Manufacturing techniques
Cast or forged? It may come as a surprise to some consumers, but the stiffness and weight of forged and cast alloy material is basically the same. The difference is forged materials have higher yield and tensile strength. This means forged material will flex further before it stays bent and bend further before it cracks. This allows designers to use a little bit less material in a forged wheel  to match the fatigue life of a cast wheel. Or use the same amount of forged material to achieve greater fatigue life than a cast wheel.  There is no magic that allows a forged wheel to be significantly lighter and have greater fatigue life than the best cast wheels. Weight or fatigue life, pick one.
Flow Forming
Flow forming, also marketed as flow forging, roll forming, rotary forging, MAT  is a process where only  the barrel portion is hot forged.  This process results in a barrel material almost identical in tensile and yield strength to a pure forged wheel.
Die vs billet forging
Die forging is the process where the final spoke shape is created by a die under tremendous pressure and heat. By forging the spoke shape with a die, the crystalline structure or "grain" of the material is aligned with the shape of the part. Die forging is also known as near net forging. Meaning that die pretty much makes the final wheel.  The little remaining machine work is just to cut the lug holes and back pad.  A billet forged wheel starts with a featureless forged puck, with no wheel design, spokes or ports. This puck can either be forged into a puck shape by a die, or cut into a puck shape from a larger block of forged material.  In either case, the grain structure in this billet blank is aligned in one direction like the longitudinal grain in a pine 2x4. It is tricky to explain how this grain structure impacts design and fatigue life without a bunch of charts, images and technical explanations. One can imagine the die forged as a tree trunk with a branch, grain unidirectionally aligned to its specific shape. It is difficult to break that branch off where it meets the root because of that grain structure blending  deeply into the trunk.  The billet forged wheel  is more like a trunk and branch shape cut from a larger piece of wood without the grain matching the structure.  Anyone reading this with a knowledge of woodcraft understand this second "tree" will be much easier to break the branch off of than the real tree with structurally aligned grain. That perhaps oversimplifies but the analogy is relevant.  So everything else being equal, a billet forged wheel requires more material to match the fatigue life of a die forged wheel.  In the US, there are precious few die forged LHP wheels on the market. A far greater number of forged LHP wheels are of the billet forged variety.
Casting, heat treating
Most consumers by now understand the basic difference between gravity or "tilt" casting and pressure casting.  Gravity casting basically pours molten aluminum into a mold with the face of the wheel at the bottom. Pressure casting injects the molten aluminum under pressure which results in fewer voids, tiny air pockets in the material once its cooled. It also compacts the grain somewhat, similar to what forging accomplishes, albeit to a much lesser degree than forging.

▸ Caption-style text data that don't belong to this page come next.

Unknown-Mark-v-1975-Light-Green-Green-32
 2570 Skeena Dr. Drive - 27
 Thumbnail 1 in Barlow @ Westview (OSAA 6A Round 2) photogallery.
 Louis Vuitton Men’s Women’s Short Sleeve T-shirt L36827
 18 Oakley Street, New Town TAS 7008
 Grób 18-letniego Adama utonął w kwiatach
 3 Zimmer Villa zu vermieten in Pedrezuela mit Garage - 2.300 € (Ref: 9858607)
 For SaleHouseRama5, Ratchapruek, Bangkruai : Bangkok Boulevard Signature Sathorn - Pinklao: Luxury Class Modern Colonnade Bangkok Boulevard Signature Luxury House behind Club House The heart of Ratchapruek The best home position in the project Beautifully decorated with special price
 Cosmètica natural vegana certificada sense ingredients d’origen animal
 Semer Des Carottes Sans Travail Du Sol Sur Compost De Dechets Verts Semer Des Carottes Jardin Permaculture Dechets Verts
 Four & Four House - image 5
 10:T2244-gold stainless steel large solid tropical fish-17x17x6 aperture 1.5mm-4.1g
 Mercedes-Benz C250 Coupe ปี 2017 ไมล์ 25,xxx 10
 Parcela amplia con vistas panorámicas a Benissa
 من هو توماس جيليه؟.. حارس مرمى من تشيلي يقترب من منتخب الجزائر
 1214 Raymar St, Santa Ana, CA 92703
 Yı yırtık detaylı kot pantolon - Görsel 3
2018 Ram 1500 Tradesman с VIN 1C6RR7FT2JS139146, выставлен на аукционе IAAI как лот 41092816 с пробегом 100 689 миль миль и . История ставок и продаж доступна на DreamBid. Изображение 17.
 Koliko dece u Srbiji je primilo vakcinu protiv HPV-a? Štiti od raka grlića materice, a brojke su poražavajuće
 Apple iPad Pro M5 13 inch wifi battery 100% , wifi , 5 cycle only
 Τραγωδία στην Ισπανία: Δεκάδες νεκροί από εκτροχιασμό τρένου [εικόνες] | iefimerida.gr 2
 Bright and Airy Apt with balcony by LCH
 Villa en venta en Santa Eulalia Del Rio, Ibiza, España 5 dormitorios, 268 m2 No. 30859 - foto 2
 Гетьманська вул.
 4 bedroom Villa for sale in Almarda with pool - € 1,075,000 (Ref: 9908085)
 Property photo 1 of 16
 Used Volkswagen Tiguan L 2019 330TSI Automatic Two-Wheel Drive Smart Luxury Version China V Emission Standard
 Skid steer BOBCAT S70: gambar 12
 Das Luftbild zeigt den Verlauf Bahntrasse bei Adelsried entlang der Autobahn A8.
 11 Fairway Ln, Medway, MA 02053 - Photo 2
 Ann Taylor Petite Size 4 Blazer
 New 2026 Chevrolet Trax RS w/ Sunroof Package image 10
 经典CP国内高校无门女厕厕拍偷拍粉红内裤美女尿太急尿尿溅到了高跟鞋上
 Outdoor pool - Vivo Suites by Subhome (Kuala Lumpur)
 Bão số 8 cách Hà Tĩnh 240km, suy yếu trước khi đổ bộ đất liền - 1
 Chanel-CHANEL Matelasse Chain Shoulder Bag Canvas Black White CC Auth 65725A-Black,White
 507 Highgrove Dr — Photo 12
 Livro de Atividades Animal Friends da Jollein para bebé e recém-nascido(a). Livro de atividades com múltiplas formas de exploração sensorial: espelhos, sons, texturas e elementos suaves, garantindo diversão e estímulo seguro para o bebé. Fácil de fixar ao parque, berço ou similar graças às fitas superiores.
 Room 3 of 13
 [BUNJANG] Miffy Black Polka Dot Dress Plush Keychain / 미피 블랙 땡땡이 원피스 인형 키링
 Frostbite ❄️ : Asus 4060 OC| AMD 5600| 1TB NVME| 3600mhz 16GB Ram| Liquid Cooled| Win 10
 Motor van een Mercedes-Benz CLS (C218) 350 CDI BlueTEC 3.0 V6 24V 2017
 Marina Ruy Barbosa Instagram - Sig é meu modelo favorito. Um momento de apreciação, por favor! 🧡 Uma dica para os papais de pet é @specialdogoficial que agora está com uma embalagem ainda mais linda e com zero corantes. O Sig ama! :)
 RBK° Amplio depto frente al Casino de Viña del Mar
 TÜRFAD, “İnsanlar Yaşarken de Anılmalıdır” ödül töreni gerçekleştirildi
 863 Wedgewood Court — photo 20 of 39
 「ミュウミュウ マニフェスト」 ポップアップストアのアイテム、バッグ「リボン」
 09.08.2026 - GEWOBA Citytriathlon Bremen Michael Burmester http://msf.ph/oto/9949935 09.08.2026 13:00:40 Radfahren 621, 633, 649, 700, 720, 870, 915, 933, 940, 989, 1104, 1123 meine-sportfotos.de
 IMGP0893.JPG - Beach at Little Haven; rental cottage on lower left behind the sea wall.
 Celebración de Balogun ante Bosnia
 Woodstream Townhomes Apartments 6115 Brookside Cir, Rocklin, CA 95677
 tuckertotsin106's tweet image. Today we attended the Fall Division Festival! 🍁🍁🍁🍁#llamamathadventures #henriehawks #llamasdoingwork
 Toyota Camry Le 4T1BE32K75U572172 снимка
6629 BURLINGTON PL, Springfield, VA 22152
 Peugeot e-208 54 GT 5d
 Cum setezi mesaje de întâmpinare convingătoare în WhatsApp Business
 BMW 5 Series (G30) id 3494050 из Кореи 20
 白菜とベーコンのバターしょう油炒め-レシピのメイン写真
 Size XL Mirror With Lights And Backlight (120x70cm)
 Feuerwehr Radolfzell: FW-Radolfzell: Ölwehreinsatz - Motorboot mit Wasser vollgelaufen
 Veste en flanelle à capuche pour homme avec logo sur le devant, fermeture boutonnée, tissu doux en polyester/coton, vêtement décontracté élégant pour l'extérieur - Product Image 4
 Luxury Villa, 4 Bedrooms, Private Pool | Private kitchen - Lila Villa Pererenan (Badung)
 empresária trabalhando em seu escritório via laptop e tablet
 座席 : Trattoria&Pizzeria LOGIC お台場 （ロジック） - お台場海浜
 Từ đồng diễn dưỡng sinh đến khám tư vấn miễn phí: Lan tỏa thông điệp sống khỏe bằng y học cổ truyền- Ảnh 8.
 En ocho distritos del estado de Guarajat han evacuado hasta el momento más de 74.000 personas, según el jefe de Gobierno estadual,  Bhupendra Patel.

Some cast wheels are heat treated to T-4 condition. Most LHP wheels available now are T-6 heat treated. Heat treating increases tensile and yield strength. Effectively making aluminum more "springy", allowing it to flex more before it stays bent or cracks. Un-heat treated aluminum is far more brittle than any alloy in T-6 condition.
Stiffness vs weight
This is a conversation that very few amateur racers have but large budget pro race teams have carefully mapped out in simulations and data collection. Wheel stiffness plays a huge role in the suspension tuning process and significantly impacts the way a high performance cars feels. Most consumers assume that rigid feeling wheel they pulled out of the box is not flexing at all during high cornering loads. In fact however, all wheels have considerable flex during high load conditions. In cornering, this constant rotating bending moment actually reduces camber, the lower part of the wheel being pulled out of alignment with the hub as it rolls. This is not marketing speak, it is the very basis of the JWL cornering load test and key to a better understanding of the subject.
You might ask, but will a stiffer wheel make me faster?  The answer is an unequivocal yes. Just as wheel width has been repeatedly demonstrated to have a greater influence on lowering lap times than wheel weight, stiffness is more critical than a few ounces of weight in lowering lap times.  If you are mulling this over and realizing a much stiffer wheel might allow you to run less camber on your performance car to achieve the same optimized contact patch loading.. you are getting the picture.
So racers want and need stiffer wheels right? But exactly how much weight penalty are racers willing to accept for improved wheel stiffness?  Without a clear understanding of how much stiffer a wheel might be than a different design, most consumers are in the dark here.  A few simple tools to ascertain the relative stiffness of two different LHP wheel designs of the same size:  Look at JWL load ratings and total weight of the wheel. While spoke design and layout have a significant effect on relative stiffness, most LHP wheels are pretty well optimized. More often than not, the slightly heavier option will be stiffer and result in better performance.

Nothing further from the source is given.